Mark Cannizzaro, executive vice president of the Council of School Supervisors and Administrators, the union representing those two groups, agreed.
“It has its pros and cons, but I think that since it was instituted, as time has gone on, people have become better informed, and the system is operating much better,” he said via phone in an interview.
Roth has also worked with the school systems in Boston, Denver, New Orleans andWashington.
Kidney Exchange
More recently, he helped set up a nationwide kidney exchange that makes it possible to find more matches than regional networks can.
“A lot of people are surprised economists are assisting with kidney exchanges,” Roth told a press conference at Stanford, adding, “Exchanges are what economists are good at.”
Born on Dec. 18, 1951, Roth dropped out of his Queens, New York, high school in his junior year and took classes at Columbia University before enrolling full time. He earned a bachelor’s degree from Columbia in New York in 1971 and a master’s degree and doctorate from Stanford University in Stanford, California, in 1973 and 1974. All three degrees were in the field of operations research.
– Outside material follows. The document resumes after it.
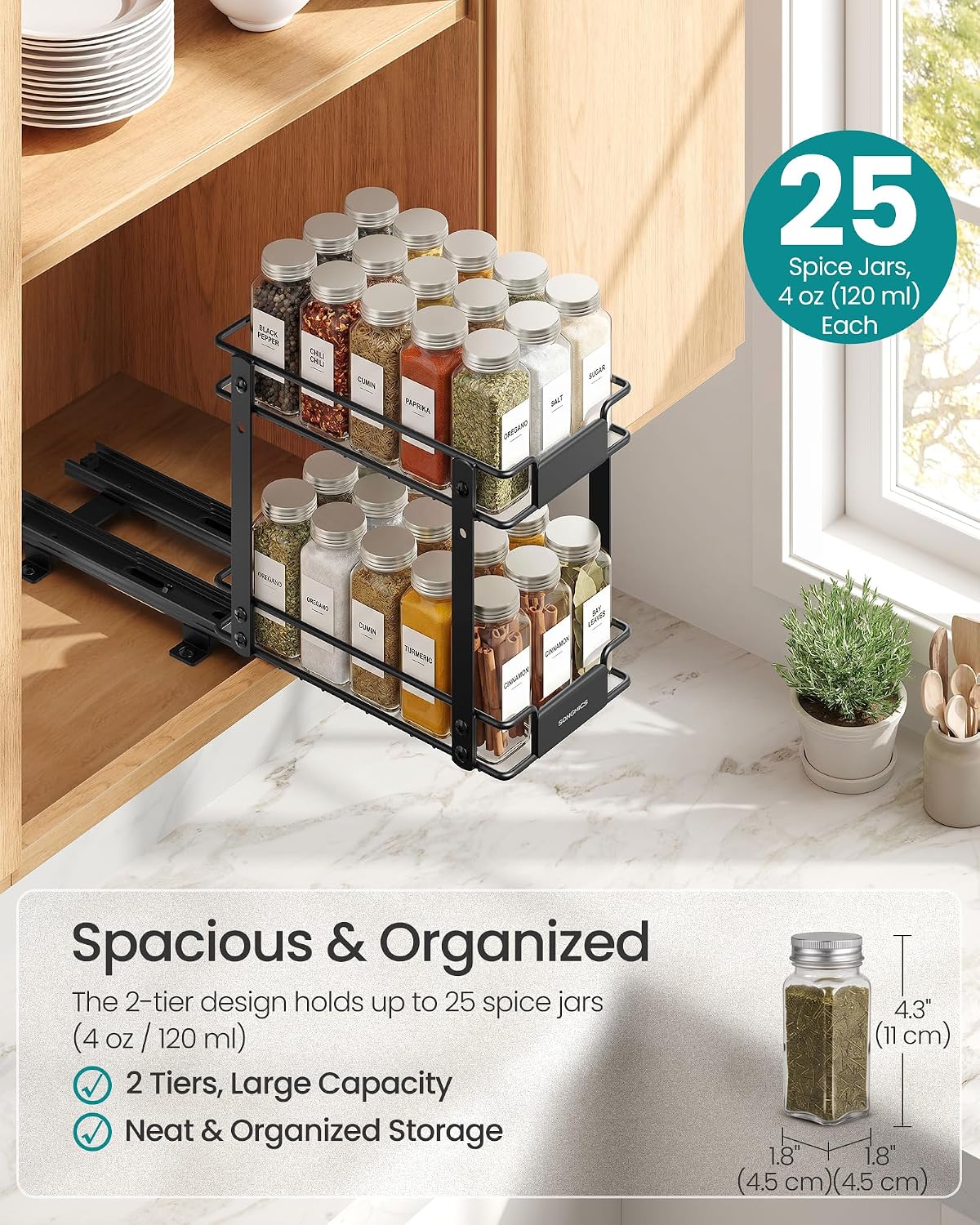 SONGMICS Spice Rack Organizer for Cabinet, Pull Out 2 Tier Thick Steel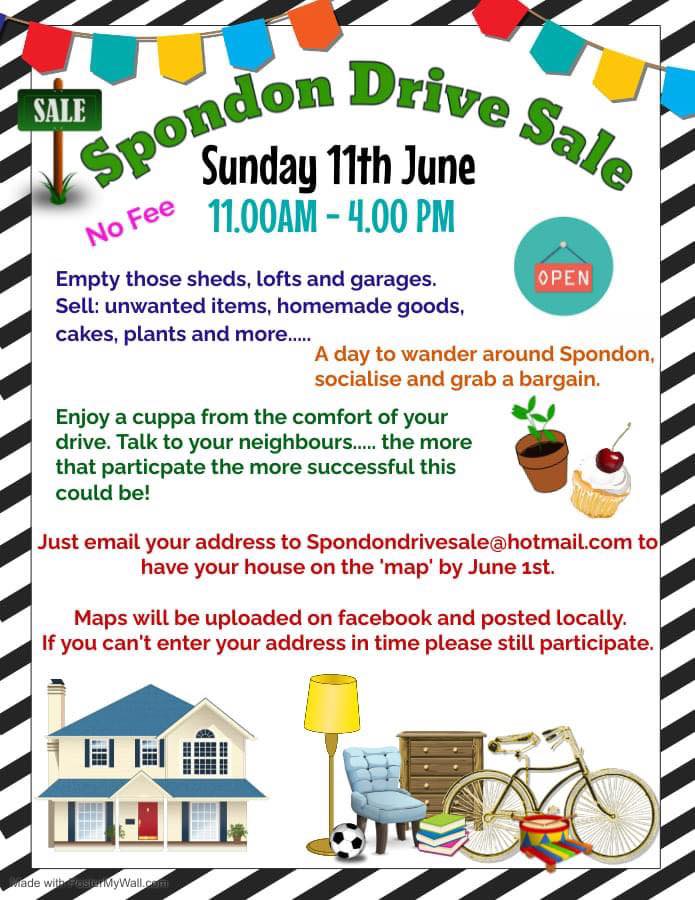 Spondon Drive Sale Poster and Map - June 2023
He is married with two children.
Speaking to reporters after the Stanford press conference, Roth said he might use the prize money to buy a home in the area now that he is moving there from Harvard.
2011 Prize
Last year’s prize was awarded to U.S. economists Thomas J. Sargent and Christopher A. Sims for their work in exploring cause and effect in policy. In 2009, Elinor Ostrom became the first woman to win when she received the prize together with Oliver Williamson for investigating the limits of markets and how organizations work.
Annual prizes for achievements in physics, chemistry, medicine, peace and literature were established in the will of Alfred Nobel, the Swedish inventor of dynamite who died in 1896, and the first prizes were handed out in 1901. The economics award was set up by Sweden’s central bank in 1968.
The official name is The Sveriges Riksbank Prize in Economic Sciences in Memory of Alfred Nobel. The money, 8 million kronor ($1.2 million), a gold medal and a diploma, will be handed out to the laureates at a ceremony in Stockholm on Dec. 10, the anniversary of Nobel’s death.
Today’s announcement of the economics prize marks the final award for this year.